Übersetzung und Kommentar

Amulett zum Schutz (von Neugeborenen?)

Oh (ihr), die Gemetzel anrichtet, (ihr), die Seuchen1 erschafft: möget ihr euch fernhalten von Djedhor, 〈den〉 die Schepensopdet 〈geboren hat〉! Er ist jener große Gott inmitten von Hutmesqet, der aus dem Nun hervorgekommen ist, so dass er sich ausbreite im Zorn/als Wütender, (und dass) er (gesund) herauskomme aus der Seuche.2 Horus, Horus!3 Das wꜣḏ-Amulett der Sachmet sei um das Fleisch des Djedhor, den die Schepensopdet geboren hat, indem es vollendet sei für das Leben.4 (Du), der die Glieder des Djedhor, den die Schepensopdet geboren hat, erschaudern lässt, der attackiert den Barsch des Re:5 Feuer soll gegen dein Grab kommen.6 (Du), der ihn angreift, Feuer soll gegen deinen Ba hervorkommen.7 Wenn du deinen Giftsamen nicht von ihm entfernst, so werde ich dich aus (der Riege) der Ach-Verklärten entfernen/ausstoßen (o.ä.) (lit.: separieren).

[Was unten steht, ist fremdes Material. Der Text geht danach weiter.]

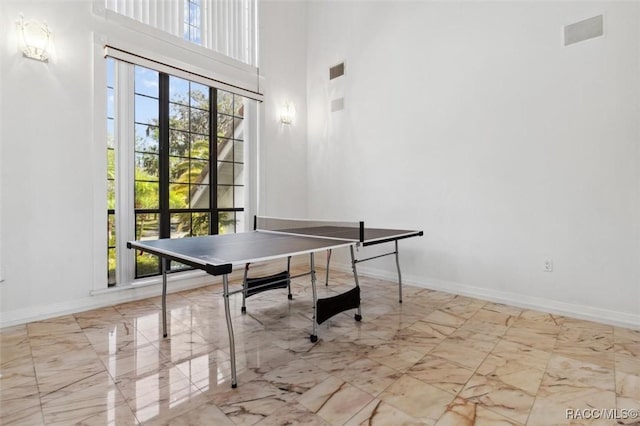 rec room with visible vents, marble finish floor, a high ceiling, and baseboards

#Hinter dem Text, über gesamte Höhe: Schakalskopf mit Perücke auf laufenden Beinchen#9

1 Diese Lesung wurde von J.F. Quack, in: FS Kitchen, 416 vorgeschlagen und danach von Gasse, in: À l’école des scribes, 169 übernommen; sie verbessert die alte Lesung von Goyon, Un phylactère tardif, Pl. XV, der mwt las und mit „trépas“ übersetzte, obgleich die Schreibung mit „schlechtem Vogel“ (G37) und Pluralstrichen als Determinativ sehr ungewöhnlich wäre (was Quack nicht notierte).

2 Siehe oben den Kommentar zum gleichen Wort in Z.1.

3 Dieser Satz, der sich in zahlreihen Zaubersprüchen auf Papyri und auch auf Tempelwänden der griechisch-römischen Zeit wiederfindet, stellt eine Art „Refrain“ für Zaubersprüche verschiedener Art, v.a. von Sprüchen zum Schutz von Neugeborenen, dar. Vgl. die Belegzusammenstellungen bei J.-C. Goyon, in: BIFAO 74, 1974, 77-83 (inkl. pLouvre 3233b) und N. Flessa, (Gott) schütze das Fleisch des Pharao, Untersuchungen zum magischen Handbuch pWien AEG 8426, Corpus Papyrorum Raineri 27, Leipzig 2006, 128-129.

4 Zu dieser Übersetzung vgl. Flessa, (Gott) schütze das Fleisch, 32 (s. vorigen Kommentar) mit Kommentar S. 36-37, wobei er die Formel als Finalsatz übersetzt: „dass es vollständig sei für das Leben“.

5 Die Übersetzung dieses Satzes orientiert sich an Goyon, Un phylactère tardif, 50, der die Verbalform von ḏdf und ḫmi̯ als Partizipien interpretierte. Anders Koenig, in: BIFAO 79, 1979, 106, der sḏm=f-Formen ansetzt: „Le corps de Ḏd-Ḥr de Šꜣp-n-Spdt tremble. Le chromis de Rê a été attaqué.“ Anm.: A. Gasse, in: À l’école des scribes, 168, hat Koenigs Übersetzung wortwörtlich übernommen.

6 Zum Wortlaut dieses und des folgenden Satzes gibt es eine fast exakte Parallele, pDeir el-Medineh 37 (ed. Y. Koenig, in: BIFAO 79, 1979, 103-117, dort auch mit Synopse der Textzeugen).

7 Siehe den Kommentar zum vorangehenden Satz. Hier setzt auch Koenig, in: BIFAO 79, 1979, 106 am Anfang ein Partizip an: „(Ô) celui qui 〈se〉 répand en lui.“

8 Die Interpretation < tꜣš und die Ergänzung des Suffixpronomens 1.Sg. folgen Koenig, in: BIFAO 79, 1979, 106 mit 113 Anm. i; da eine Drohung vorliegt, ist es notwendig, dass der Drohende sich selbst in der 1.Ps. nennt. Goyon, Un phylactère tardif, 51 mit Anm. 1 nahm dagegen einen Imperativ tš tw an und übersetzte den Satz: „Si tu ne retires pas ton venin de lui, sois coupé en morceaux par devants les esprits-Akhou!“

9 Der Schakalskopf auf laufenden Beinchen entspricht motivisch der Hieroglyphe Grimal/Hallof/van der Plaas, Hieroglyphica, Nr. F78 bzw. Kurth, Einführung in das Ptolemäische I, S. 176, Nr. 89. Die hier dargestellte Entität könnte daher den Namen Wsr(.w) getragen haben, vgl. zur Schreibung schon Wb 1, 360, unter den Variantenschreibungen des Verbs wsr. Laut LGG II, 570c ist Wsr als Bezeichnung für Anubis, Osiris, Horus, Harpokrates, Chons sowie einen anonymen Schutzgott belegt. Goyon, in: BIFAO 77, 52 und Liptay, in: Fs Luft, 151-152 vermuten in der Vignette von pLouvre N 3233 B konkret Re-Atum.